What are super top-up plans and how do they work?
A super top-up plan offers additional coverage beyond the ‘threshold limit’. It helps you when you exhaust your existing health insurance coverage. In insurance parlance, the threshold limit is called deductible. A deductible is a portion of the claim amount which has to be paid by the policyholder before the insurer makes any payment. So, if you already have a health insurance policy or you are covered by your employer, then the deductible limit can be paid by your existing policies and anything above that limit can be compensatedby the super top-up plan.
Let’s understand with an example how super top-up plans work
Anil has a health insurance policy covering him, his wifeMeera and two kids, for an amount of Rs 5 lakhs. Considering the rising medical cost, he buys a super top-up plan for an amount of Rs 15 lakhs with thedeductible limit of Rs 5 lakhs. Now, his family has a total health insurance cover of Rs 20 lakhs.
Scenario 1: Meera is hospitalised and the total medical bill is Rs 4 lakhs. Anil can get the full claim amount from his traditional health insurance policy and there will be no claim payable from the super top-up policy, as the bill amount is less than the deductible amount.
Scenario 2: Anil is hospitalised and the total medical bill is Rs 4 lakhs. In the same year, Meera is also hospitalised and the bill amount is Rs 3 lakhs. In the case of Anil, the entire medical bill will be covered by a traditional health insurance policy. As Anil will consume a major part of the health insurance amount, Meera can only useRs 1 lakh from the traditional health insurance policy. But Anil had bought super top-up policy, which pays when the total claim amount exceeds the threshold limit, i.e., Rs 5 lakhs. In this case, the limit crosses the deductible amout(4+3), the remaining Rs 2 lakhs will be paid by the super top-up plan.
Why should you go with super top-up even if you have a top-up policy?
For many people, top-up and super top-up policies are same. But in reality, there is a major difference between these policies. In the case of top-up policies, every claim amount is considered individually, but in case of super top-up policies, all claims are aggregated. It means, the total of all medical claims amount is considered. For instance, you have super top-up and top-up policies of Rs 10 lakh each. Both the policies have a deductible of Rs 5 lakhs. As top-up plans work individually, if there are two individual claims of Rs 3 lakhs and Rs 4 lakhs, nothing will be covered as none of the claims has crossed the threshold limit of Rs 5 lakhs.
In this case, your super top-up policy will help you. As it considers the total of all the medical claims, your both claims of Rs 3 lakhs and Rs 4 lakhs will be covered. In this case, the total claim amount is Rs 7 lakhs (3+4), which is more than the threshold limit.

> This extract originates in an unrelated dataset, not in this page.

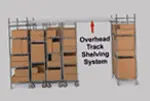 Industrial Push-Pull Open Shelving Compactors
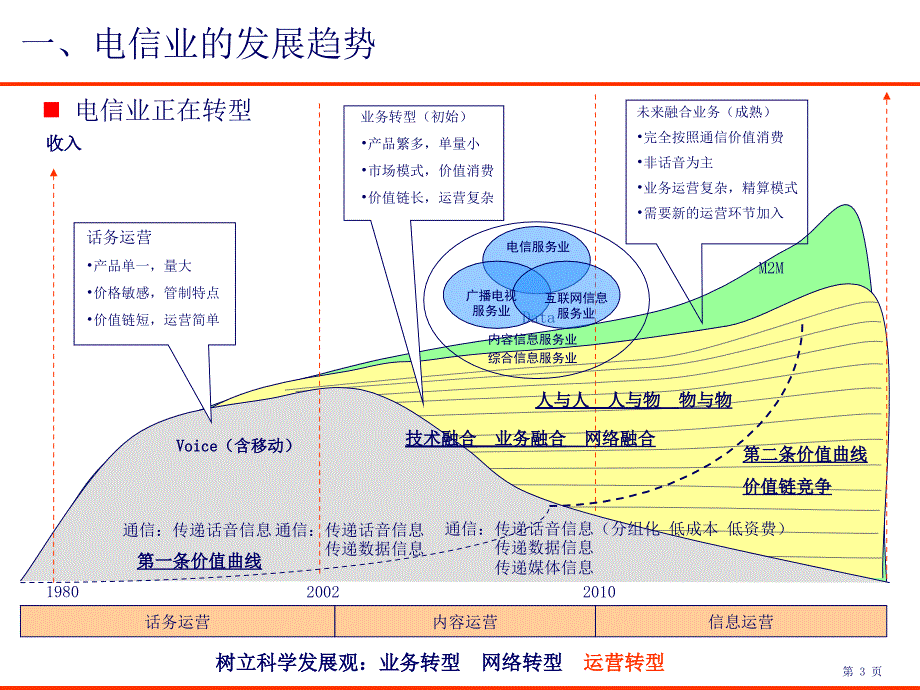 代维外包市场现状和发展前景分析_第3页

Benefits of super top-up plans
- As it covers the total claim amount, it fills an important gap left behind by top-up plans
- You can buy it even if you don’t have any health insurance policy
- You can buy it from any insurer as there is no compulsion that you get it from the same insurer from whom you have purchased your health insurance policy
- You can enjoy tax benefits under Section 80 D of the Income Tax Act
Super top-plans are fast gaining popularity in the insurance sector as there are many health insurance companies in India which are offering these policies. Some insurers also allow portability from a super top-up plan to a regular health insurance policy. For many people, buying a higher sum insured of, say, Rs 10 lakhs or Rs 20 lakhs is not sufficient. Therefore, it is better to opt for super top-up plans which invoke only when the base coverage is exhausted. Further, they are much cheaper than a regular mediclaim policy with the same sum insured. A super top-up policy gives you the flexibility to choose a higher insurance cover.
So, instead of buying a high-end health insurance cover, you can go for super top- up health insurance plan to expand the coverage while keeping costs in check.